• WORK ITEM:
Starting at the line with "PSILOCYBIN Абаза" and ending at the line with "株式会社ビレッジアップのアルバイト・バイト求人情報-05", print exactly the lines of the entries below. Pictures do not belong in the copy.

• DATA FOR THE TASK:
== Segment start ==

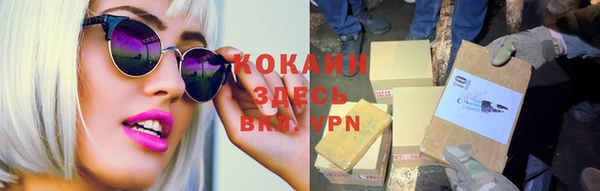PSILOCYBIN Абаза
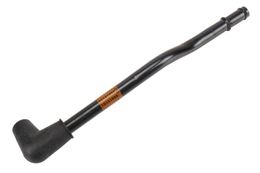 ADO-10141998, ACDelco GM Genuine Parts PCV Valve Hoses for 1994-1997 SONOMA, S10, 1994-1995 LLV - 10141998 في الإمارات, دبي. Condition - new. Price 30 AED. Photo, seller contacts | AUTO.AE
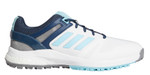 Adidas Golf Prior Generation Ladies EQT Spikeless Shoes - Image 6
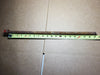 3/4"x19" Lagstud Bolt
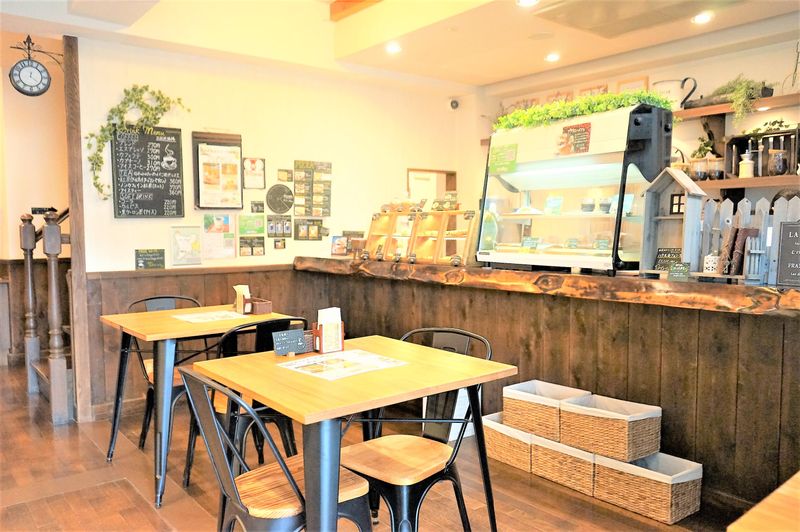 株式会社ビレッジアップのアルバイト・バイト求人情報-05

== Segment end ==
== Segment start ==

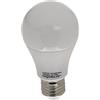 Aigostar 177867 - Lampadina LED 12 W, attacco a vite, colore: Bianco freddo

== Segment end ==

• RESPONSE TO THE EXERCISE:
PSILOCYBIN Абаза
 ADO-10141998, ACDelco GM Genuine Parts PCV Valve Hoses for 1994-1997 SONOMA, S10, 1994-1995 LLV - 10141998 في الإمارات, دبي. Condition - new. Price 30 AED. Photo, seller contacts | AUTO.AE
 Adidas Golf Prior Generation Ladies EQT Spikeless Shoes - Image 6
 3/4"x19" Lagstud Bolt
 株式会社ビレッジアップのアルバイト・バイト求人情報-05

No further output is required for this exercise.